┌────────

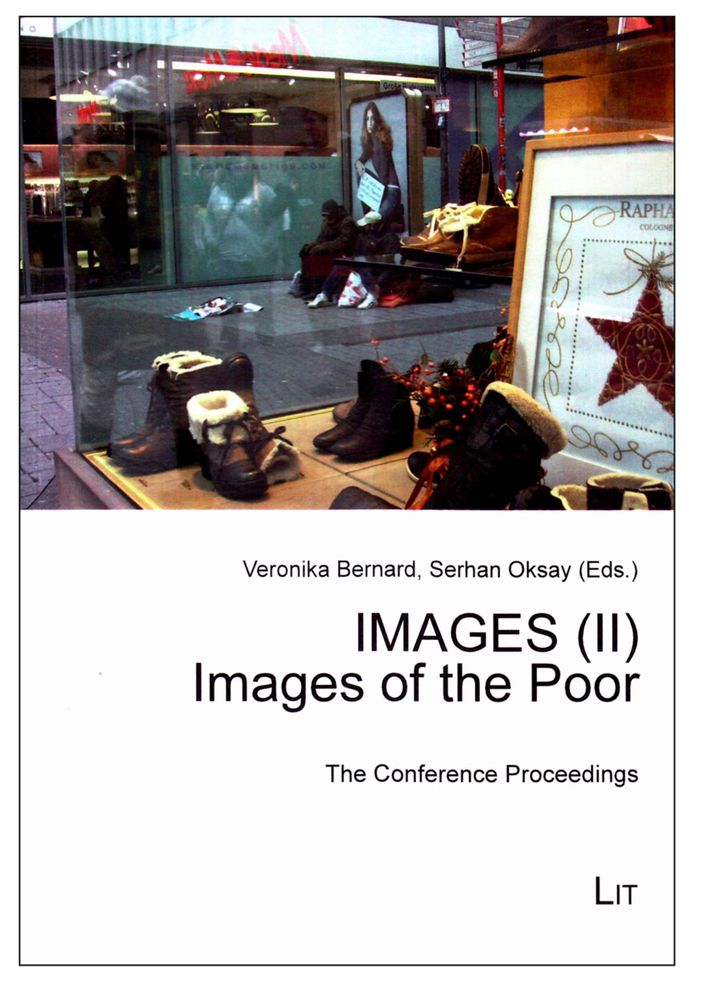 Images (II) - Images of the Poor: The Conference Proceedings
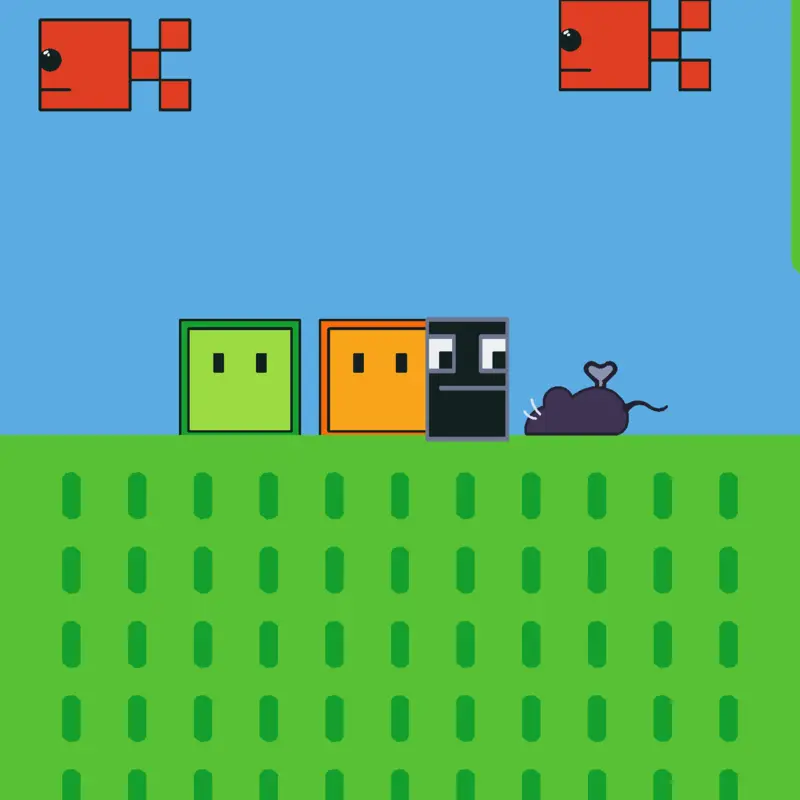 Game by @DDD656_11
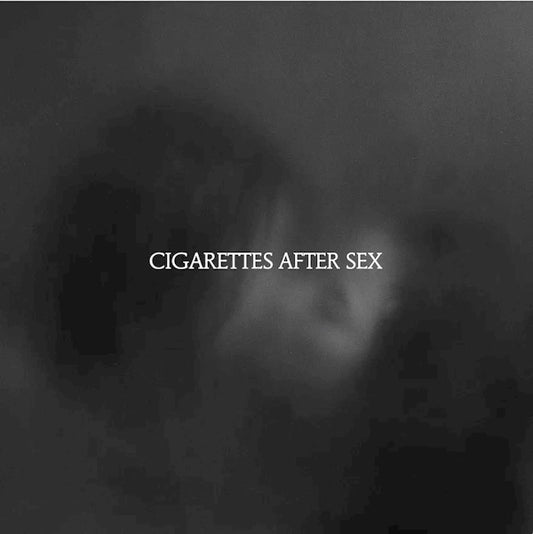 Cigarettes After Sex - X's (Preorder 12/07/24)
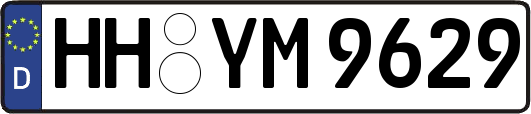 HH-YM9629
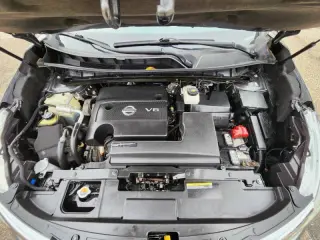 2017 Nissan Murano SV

└────────
┌────────

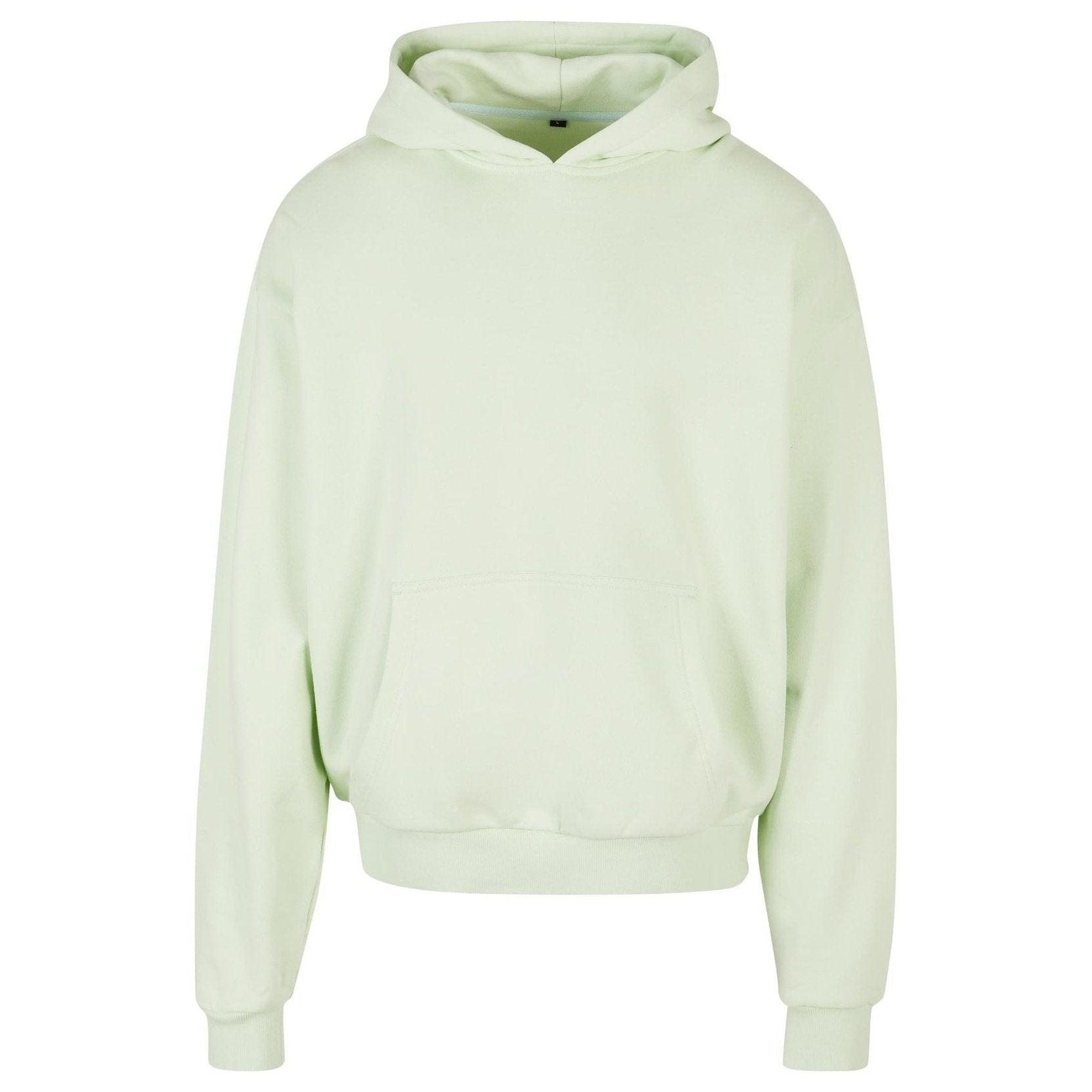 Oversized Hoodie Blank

└────────

Each line above that falls between the line with "Images (II) - Images" and the line with "2017 Nissan Murano SV" should be printed exactly, together with those two lines, but the pictures should not.

#### Written response
 Images (II) - Images of the Poor: The Conference Proceedings
 Game by @DDD656_11
 Cigarettes After Sex - X's (Preorder 12/07/24)
 HH-YM9629
 2017 Nissan Murano SV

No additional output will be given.